Directions for this task = Your task is to return exactly the lines that run from the one containing "Hey, everybody. Welcome" through the end of the listing below, without any pictures.

Collected material =
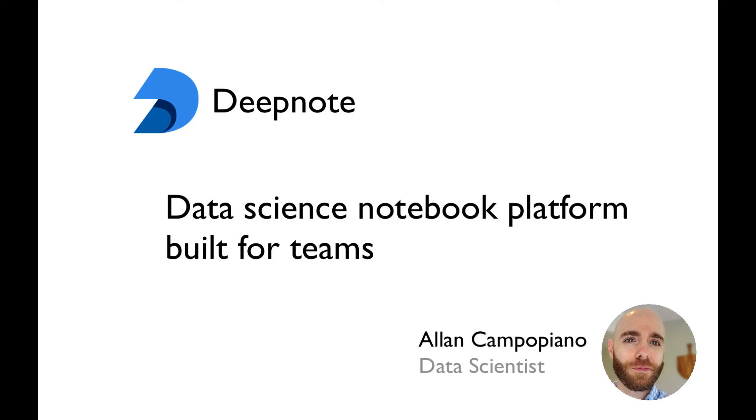DeepNote is a data science notebook platform built for teams. Let's look at three ways DeepNote makes working on a data science team easier.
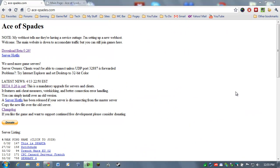Hey, everybody. Welcome to my Ace of Spades tutorial. This is how to get the game, how to install it, and how to run it.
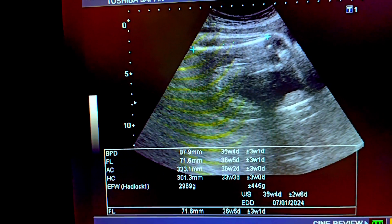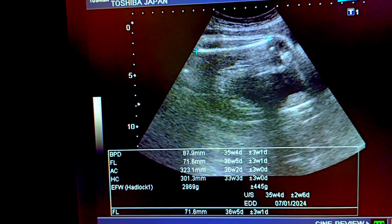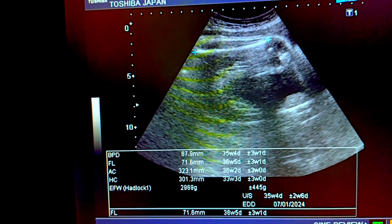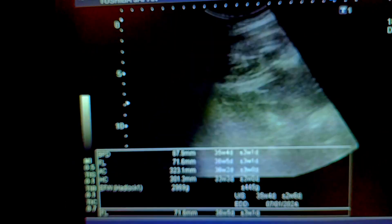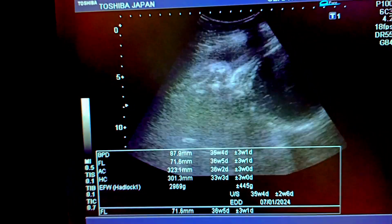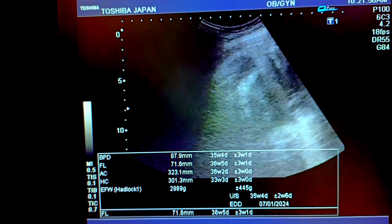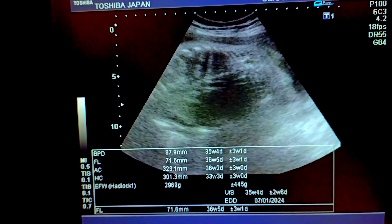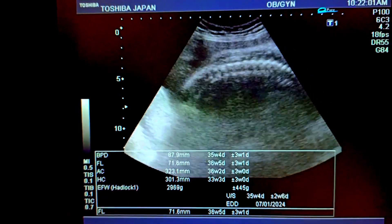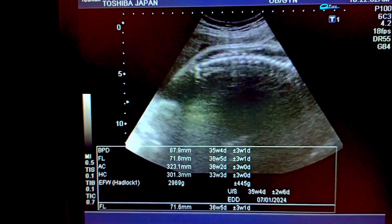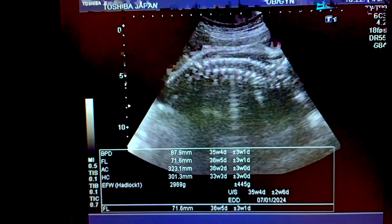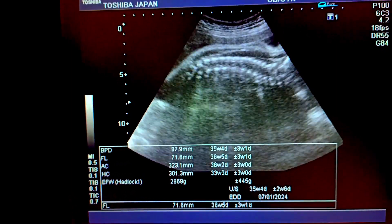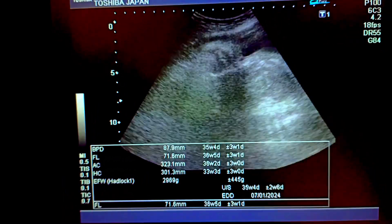Again, see the femur length, fetal weight, and expected date of delivery. BPD, HC, and abdominal circumference — the placenta is fundoposterior. See the railroad phenomenon: there is no gap in the spine from the cervical to the sacral region.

Answer area =
Hey, everybody. Welcome to my Ace of Spades tutorial. This is how to get the game, how to install it, and how to run it.
Again, see the femur length, fetal weight, and expected date of delivery. BPD, HC, and abdominal circumference — the placenta is fundoposterior. See the railroad phenomenon: there is no gap in the spine from the cervical to the sacral region.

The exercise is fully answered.